I will check very carefully every allegation that Mrs Carnell made today; but members should, having listened to this debate for three days, have noted that pattern. Allegations were made on Tuesday; I came in on Wednesday and tabled documents from my department showing where many of those statements were wrong, refuting them and reconciling them. I gave to this house the advice which was given to me. New allegations were made on Wednesday; I came in today and tabled the department's advice on that. In Mrs Carnell's attack today we have a whole new set of allegations. As Mr Humphries pointed out, she completely steered clear of the allegation, "You have conned us over the beds at Calvary". The documents that I tabled at the end of question time prove that Mrs Carnell had knowledge of this in 1991, because she was a member of the Board of Health, which endorsed that report.
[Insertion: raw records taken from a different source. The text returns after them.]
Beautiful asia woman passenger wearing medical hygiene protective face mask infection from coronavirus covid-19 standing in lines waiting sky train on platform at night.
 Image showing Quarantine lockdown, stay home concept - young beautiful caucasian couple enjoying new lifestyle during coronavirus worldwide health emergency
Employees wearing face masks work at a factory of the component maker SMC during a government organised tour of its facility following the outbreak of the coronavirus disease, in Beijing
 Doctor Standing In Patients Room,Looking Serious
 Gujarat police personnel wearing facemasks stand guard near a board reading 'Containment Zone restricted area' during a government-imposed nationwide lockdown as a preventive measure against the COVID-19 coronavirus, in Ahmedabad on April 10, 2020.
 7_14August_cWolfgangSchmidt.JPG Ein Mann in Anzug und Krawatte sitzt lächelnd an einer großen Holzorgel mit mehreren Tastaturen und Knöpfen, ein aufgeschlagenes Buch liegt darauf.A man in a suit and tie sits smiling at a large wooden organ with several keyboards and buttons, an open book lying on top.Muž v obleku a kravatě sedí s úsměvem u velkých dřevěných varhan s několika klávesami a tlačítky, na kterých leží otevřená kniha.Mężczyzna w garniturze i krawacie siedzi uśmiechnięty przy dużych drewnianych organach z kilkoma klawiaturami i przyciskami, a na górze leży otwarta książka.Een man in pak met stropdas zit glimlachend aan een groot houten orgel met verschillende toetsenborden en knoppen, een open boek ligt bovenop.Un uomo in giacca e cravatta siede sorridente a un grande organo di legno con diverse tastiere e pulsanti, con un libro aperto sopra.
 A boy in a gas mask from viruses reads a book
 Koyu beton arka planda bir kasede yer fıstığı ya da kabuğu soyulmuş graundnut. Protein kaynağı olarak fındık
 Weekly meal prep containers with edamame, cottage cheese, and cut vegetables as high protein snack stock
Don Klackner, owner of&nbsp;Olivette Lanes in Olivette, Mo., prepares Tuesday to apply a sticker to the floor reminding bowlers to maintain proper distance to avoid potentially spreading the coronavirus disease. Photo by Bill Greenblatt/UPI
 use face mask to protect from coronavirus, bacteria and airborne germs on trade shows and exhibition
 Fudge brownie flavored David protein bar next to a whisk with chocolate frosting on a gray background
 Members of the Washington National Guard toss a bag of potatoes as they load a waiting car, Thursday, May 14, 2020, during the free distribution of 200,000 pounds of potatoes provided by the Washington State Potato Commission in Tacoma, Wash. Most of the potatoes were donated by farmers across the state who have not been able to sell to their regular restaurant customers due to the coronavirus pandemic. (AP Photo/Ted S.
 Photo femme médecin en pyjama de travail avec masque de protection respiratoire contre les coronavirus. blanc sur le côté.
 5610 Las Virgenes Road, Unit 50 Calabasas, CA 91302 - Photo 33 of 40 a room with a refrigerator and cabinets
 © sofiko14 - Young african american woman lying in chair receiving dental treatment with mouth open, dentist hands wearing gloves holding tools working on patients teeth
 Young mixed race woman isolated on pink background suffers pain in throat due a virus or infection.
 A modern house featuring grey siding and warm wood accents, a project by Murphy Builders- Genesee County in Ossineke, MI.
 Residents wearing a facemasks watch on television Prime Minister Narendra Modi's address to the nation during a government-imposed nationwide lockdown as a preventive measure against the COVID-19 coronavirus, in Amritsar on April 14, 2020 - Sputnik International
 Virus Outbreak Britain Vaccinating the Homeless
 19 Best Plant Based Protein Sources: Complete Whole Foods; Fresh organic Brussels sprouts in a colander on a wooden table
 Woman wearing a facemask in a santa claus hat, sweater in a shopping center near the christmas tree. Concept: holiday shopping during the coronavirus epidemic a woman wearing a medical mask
I wonder, Madam Speaker and members, if I had kept them in my back pocket until we were on the censure motion, whether Mrs Carnell would have been as silent on those Calvary beds or whether she would have said in the parliament what she was saying to the TV cameras at lunchtime and what she was saying to the Canberra Times last night, as reported this morning, namely, "The Minister has been conning you over those 20 beds at Calvary; they have never been included". Now she says, "I always knew that they had been included". Who is conning whom?

Madam Speaker, as I said, again at question time, I come into the house and give the information that is given to me by officials. When it is questioned by members I go away, have the members' allegations looked at, and come back and report to the house. I am not in a position to refute all the allegations that Mrs Carnell made some 15 minutes ago in relation to the beds that I identified yesterday, other than that, in relation to Mrs Carnell's unequivocal statement that the four oncology beds were not and had not been opened, I am told by the department that that was - a term for manure. We will check, and I will come back into this house at the next sitting with, or release to members before, the response from departmental officials.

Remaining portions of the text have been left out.